Whether a political leader is able to accept criticism positively or scorns opposing views is critical to whether problems facing a country can be satisfactorily resolved.
President Ma Ying-jeou’s (馬英九) administration is not characterized by such breadth of mind and Legislative Speaker Wang Jin-pyng (王金平) on Thursday said that his Chinese Nationalist Party (KMT) has failed to adopt an inclusive approach to governing.
Being opinionated and not receptive to other views, the government reacts to doubts about its policy in two ways — either accusing the news media of getting things wrong or using spin tactics to try to manipulate public opinion.
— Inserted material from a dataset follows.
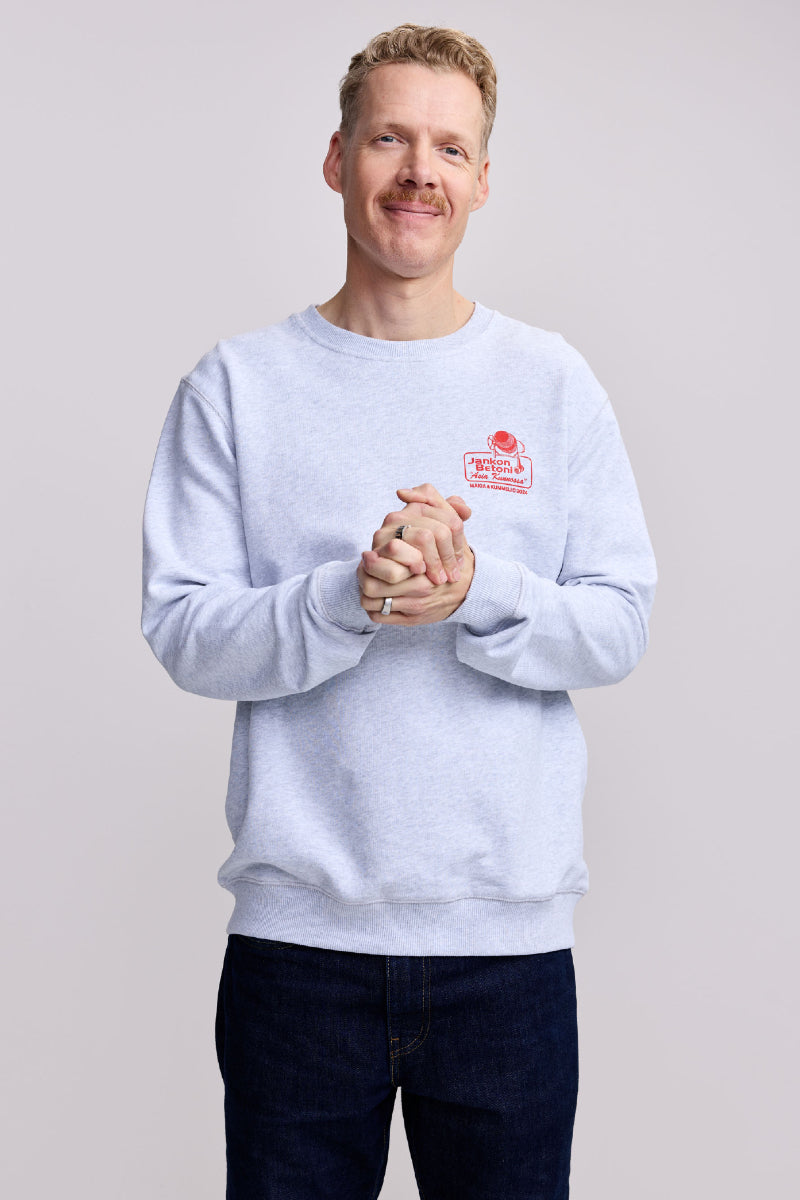 Makia x Kummeli Jankon Betoni sweatshirt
And the top echelon of the government fails to see why public discontent continues over various issues.
For example, Premier Jiang Yi-huah (江宜樺) said on Friday in the legislature that “certain media outlets” are to blame for the recent protests against the proposed changes to the high-school curriculum because they have “deliberately distorted the news.”
At a meeting on Thursday with a visiting US congressional delegation — including members who are concerned about Taiwan’s defense investments — Ma claimed that the government has quintupled soldiers’ salaries to boost recruitment.
This kind of spin tactic might have worked before bentuhua (本土化) — the localization movement — was sparked in the mid-1970s, which has been integral to the country’s democratization and has led people to question reinstalling a China-centric paradigm in textbooks and to readily discern truth from falsehood.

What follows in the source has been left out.